Every business starts small, over even home-based. If it’s in operation, no company is too small to run into serious legal problems, and you need to take them seriously. That means choosing and forming the appropriate legal entity, developing written contracts, and setting up policies and procedures.
If you don’t set up your business as a separate legal entity, you’re be putting your personal assets at risk every time you sign a contract. Business losses should not mean the loss of your home and savings.
An article on Entrepreneur.com just listed five mistakes small businesses often make early on, most of which you can easily prevent with a little planning:
Failing to set up a written founders’ agreement as soon as you decide to work with someone. As the article points out, most of the litigation over who started Facebook could have been avoided if there had been any written agreement at all.
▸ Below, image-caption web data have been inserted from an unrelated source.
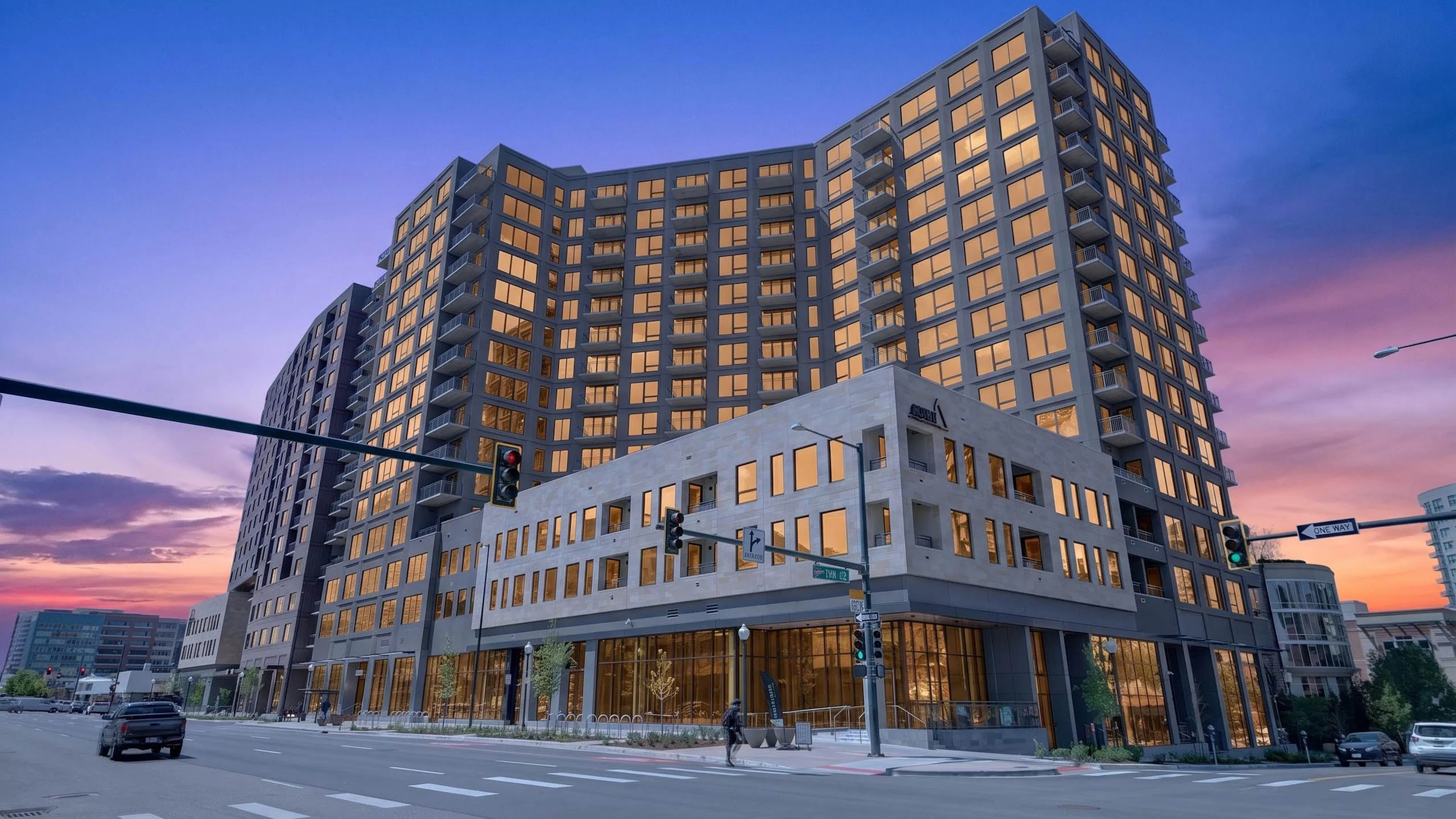 Twilight exterior of AMLI Golden Triangle apartment building with illuminated windows corner intersection and evening sky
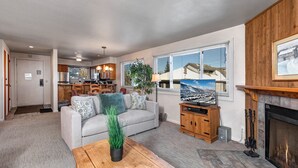 A spacious living room with a grey sofa, a wooden coffee table, and a fireplace.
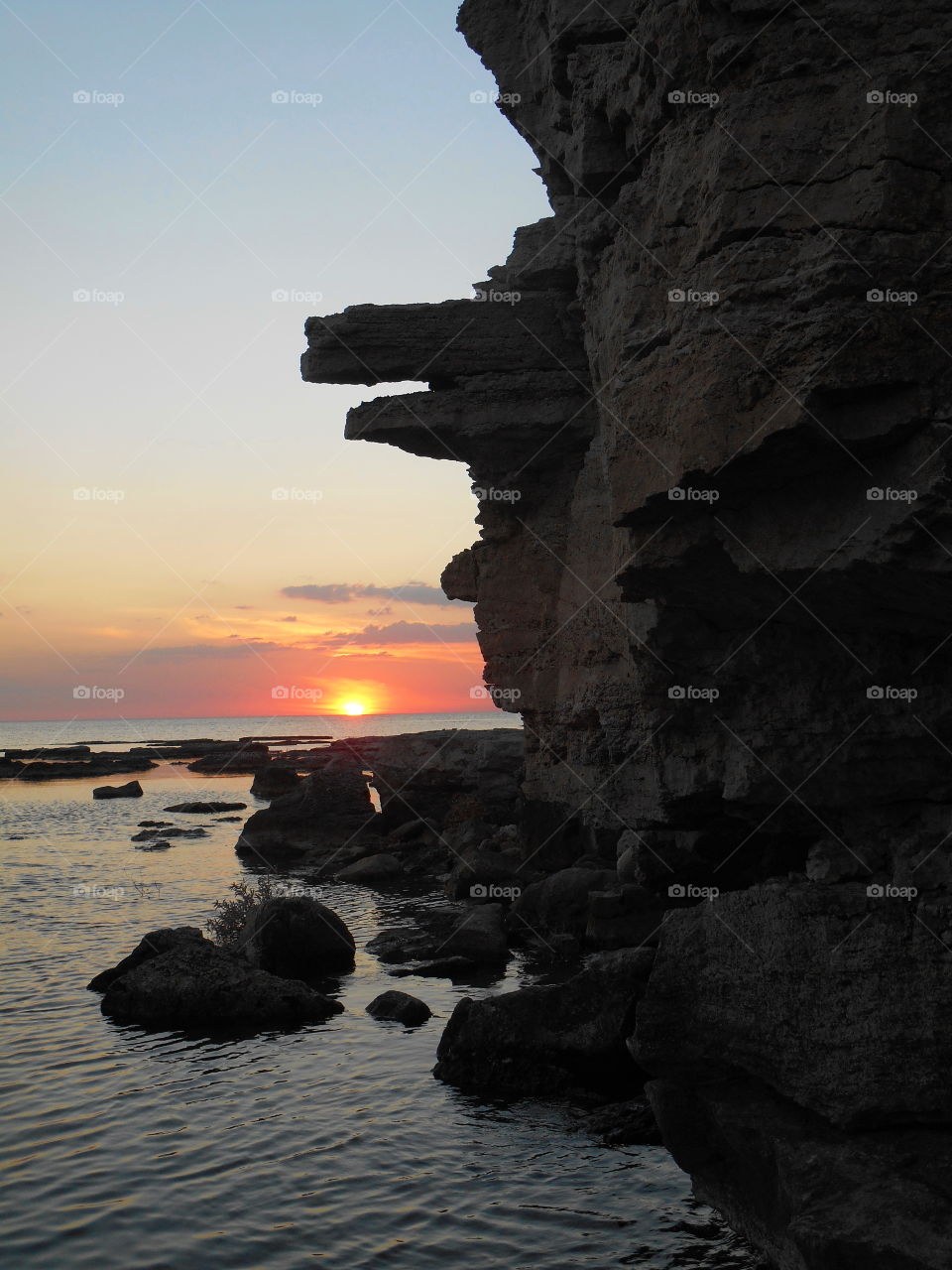 stone face on a sunset sea beautiful summer seascape art nature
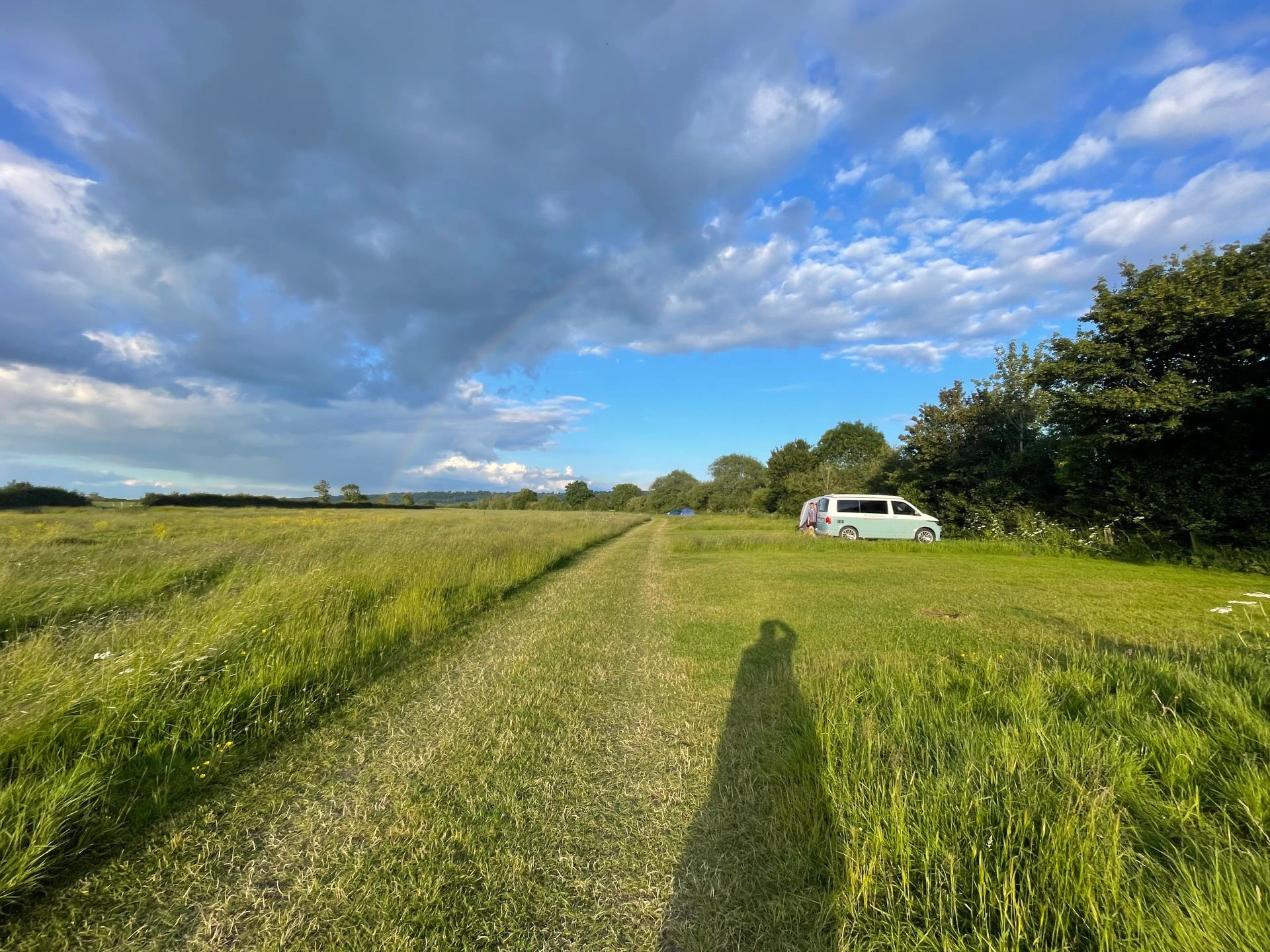 Grassy path through fields under a cloudy blue sky, with a white van parked by trees on the right.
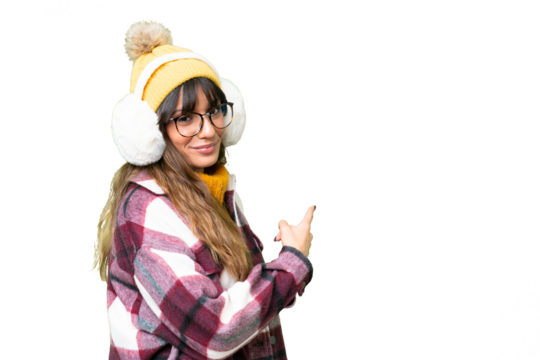 Young caucasian woman wearing winter muffs over isolated chroma key background pointing back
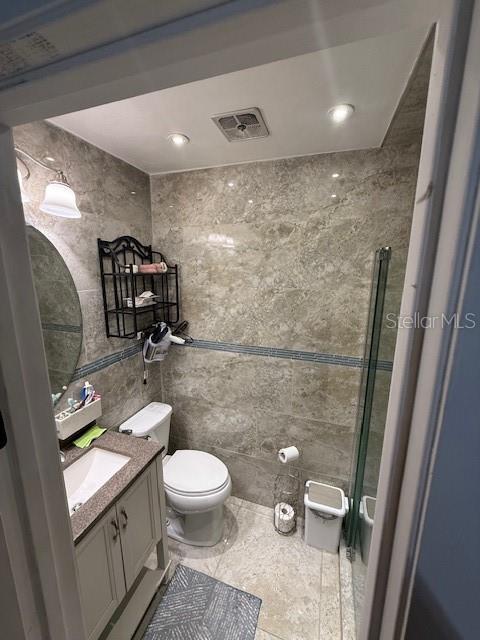 2013 Marilyn Ave, Winter Haven, FL 33881 - bathroom featuring tile walls, vanity, and bathing tub / shower combination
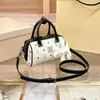 Bolsa Boston de Couro Genuíno Mais Vendida Internacionalmente Bolsa Almofada Feminina Nova Tendência Moderna Bolsa de Ombro Transversal Bolsa de Mão Estampada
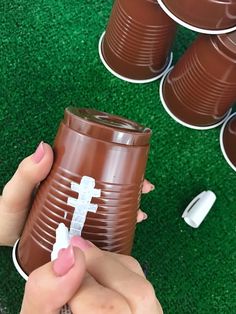 a person holding a plastic cup with a cross on it and several cups in the background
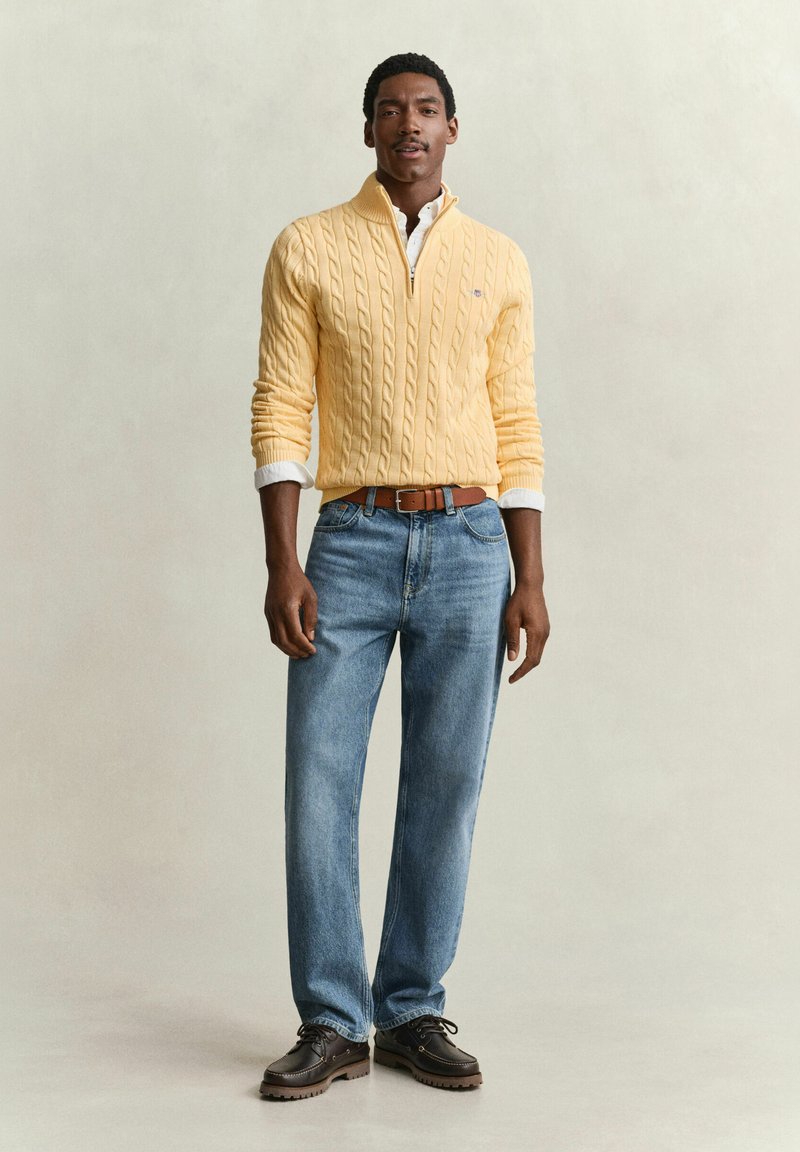 Man wearing yellow cable knit quarter-zip sweater, white shirt, light blue jeans, brown belt, and dark brown shoes standing against plain background.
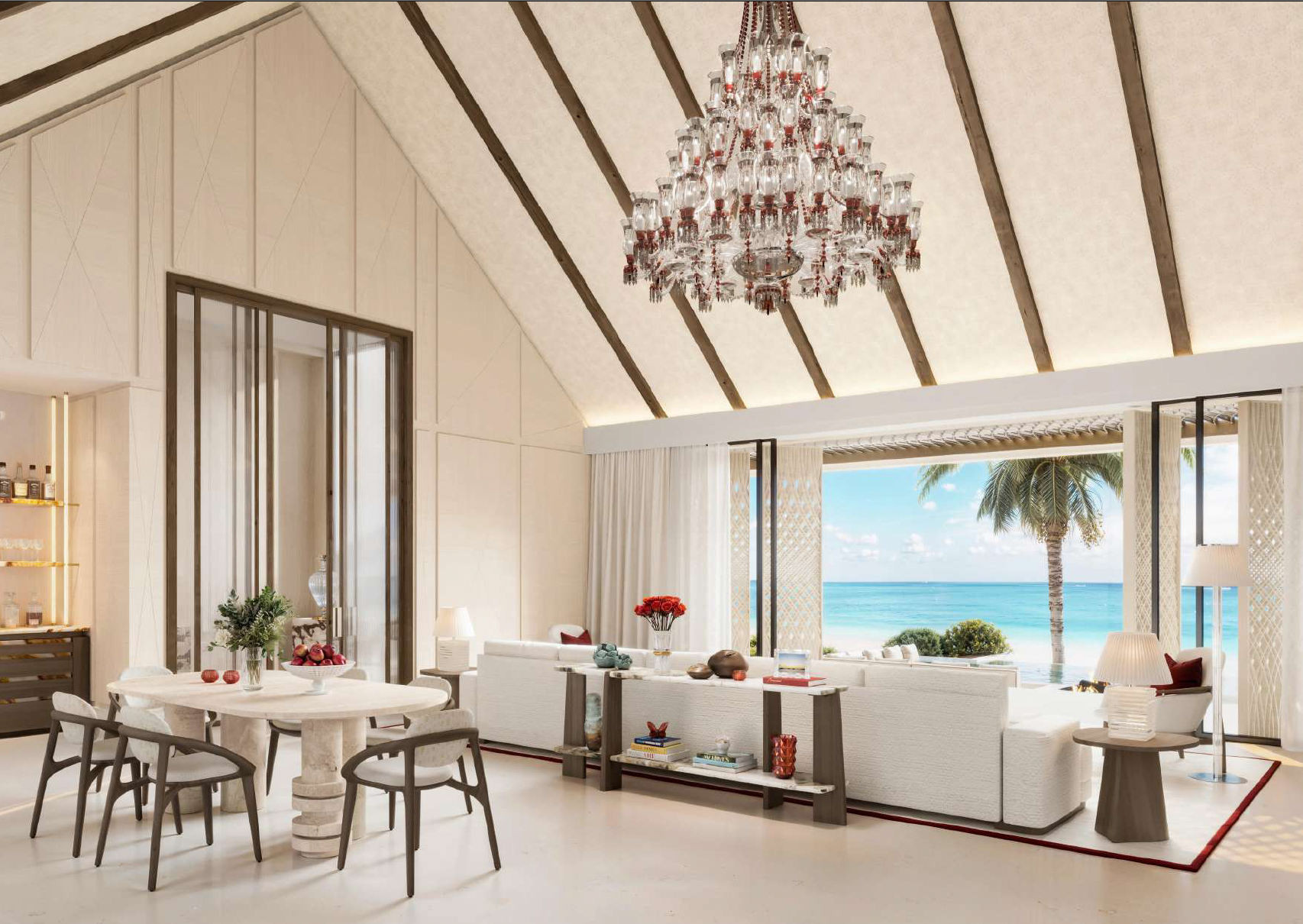 Spacious living room with a view of the beach and ocean through open sliding glass doors, featuring a high ceiling with wooden beams, a chandelier, white sofas, a round dining table with chairs, and tropical decor.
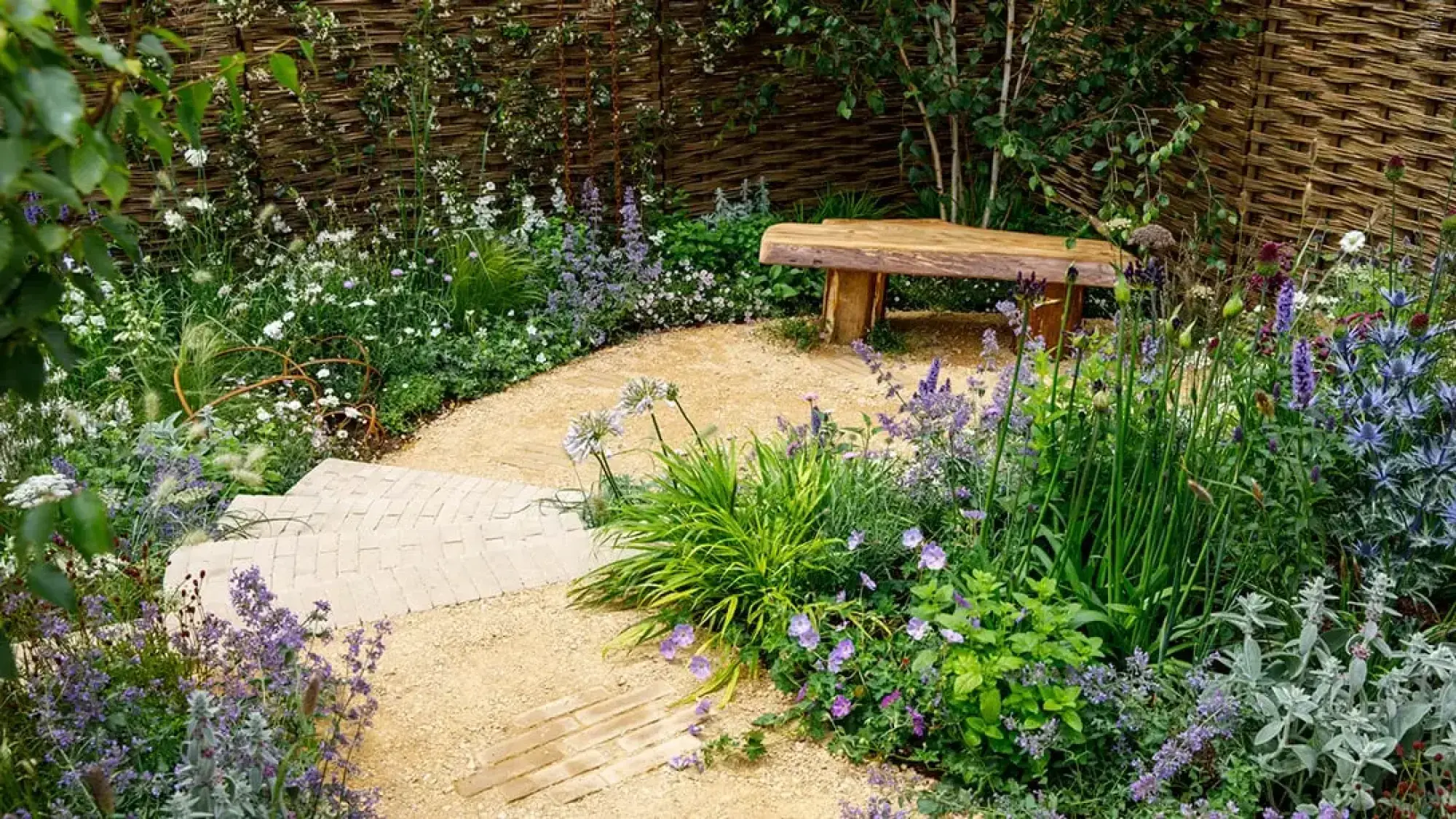 A tranquil Get Started Garden features a curved golden gravel path, a rustic log bench, and abundant informal planting in shades of purple, blue, white, and green, backed by a woven willow fence.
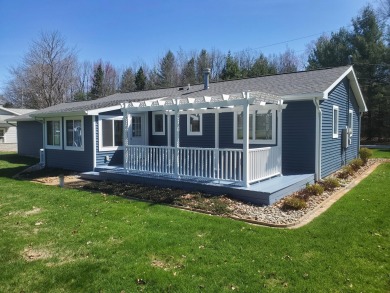 Charming ranch style home situated on the 15th hole of White on White Deer Country Club in Michigan - for sale on GolfHomes.com, golf home, golf lot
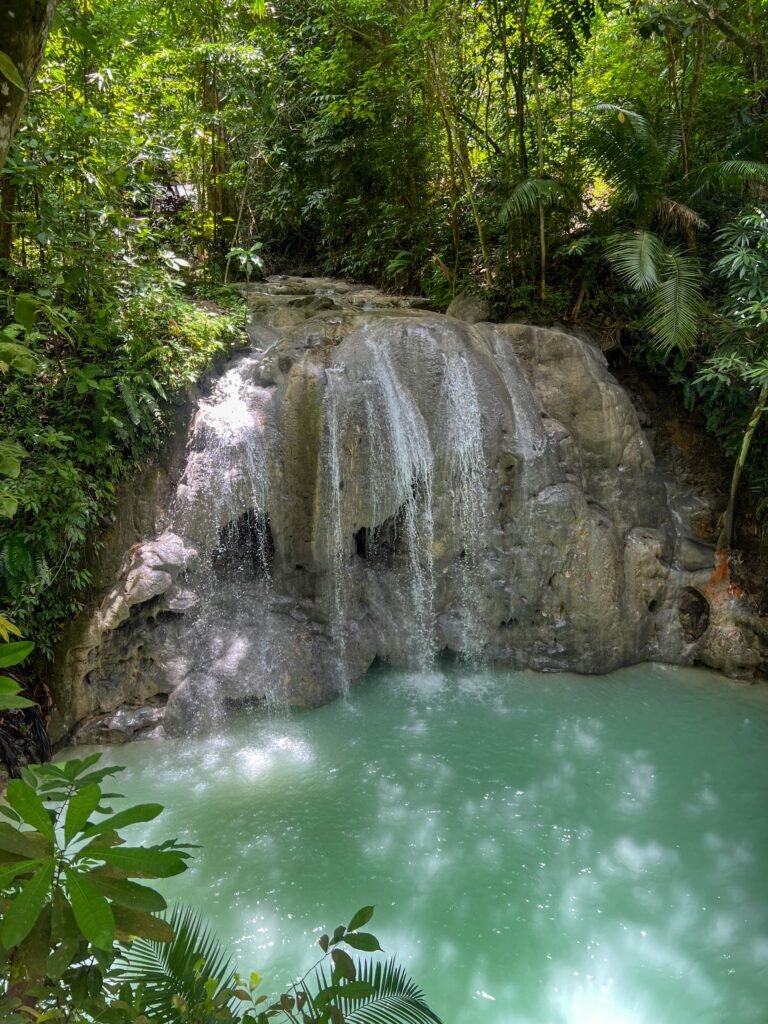 Waterval met turquoise poel in het bos bij Lugnason Falls op Siquijor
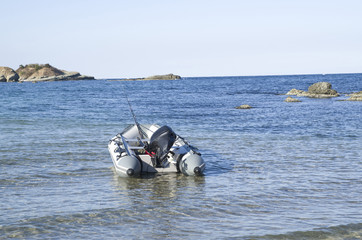 Motor rubber inflatable boat with fishing tackles in bay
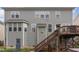 Back exterior of home features gray siding, and stairs leading to deck area at 3905 Song Sparrow Dr, Wake Forest, NC 27587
Starting up while working for someone else but not telling them. Even if you didn’t sign a non-compete agreement, don’t get off to a bad start by letting your current employer wonder whether you’re about to take your expertise right to its customers.
Not researching the various business entity types available. If you don’t choose one, your business’s obligations and assets will be mixed up with your own. There is no right or wrong choice, but each entity type has different investment, operational and tax rules. Base your choice on your management style, risk tolerance, and understanding of -- and ability to comply with -- a variety of tax and regulatory rules. An attorney experienced in business formation and planning is almost always worth the money here.
Failing to follow through with the legal rules for your entity. For example, you can’t just register a corporation with the secretary of state. There are initial and ongoing legal requirements, such as issuing stock, having shareholder and board of director meetings, and filing annual reports. If you don’t “act like a corporation” and you get sued, the courts won’t protect your personal assets.
Ignoring payroll taxes, including your own. Some small businesspeople forget that the IRS assumes you’re getting a reasonable salary and will tax your business as if you are. Also, resist any temptation to skip payroll taxes in tough times -- the potential for penalties and even criminal charges makes paying these a priority.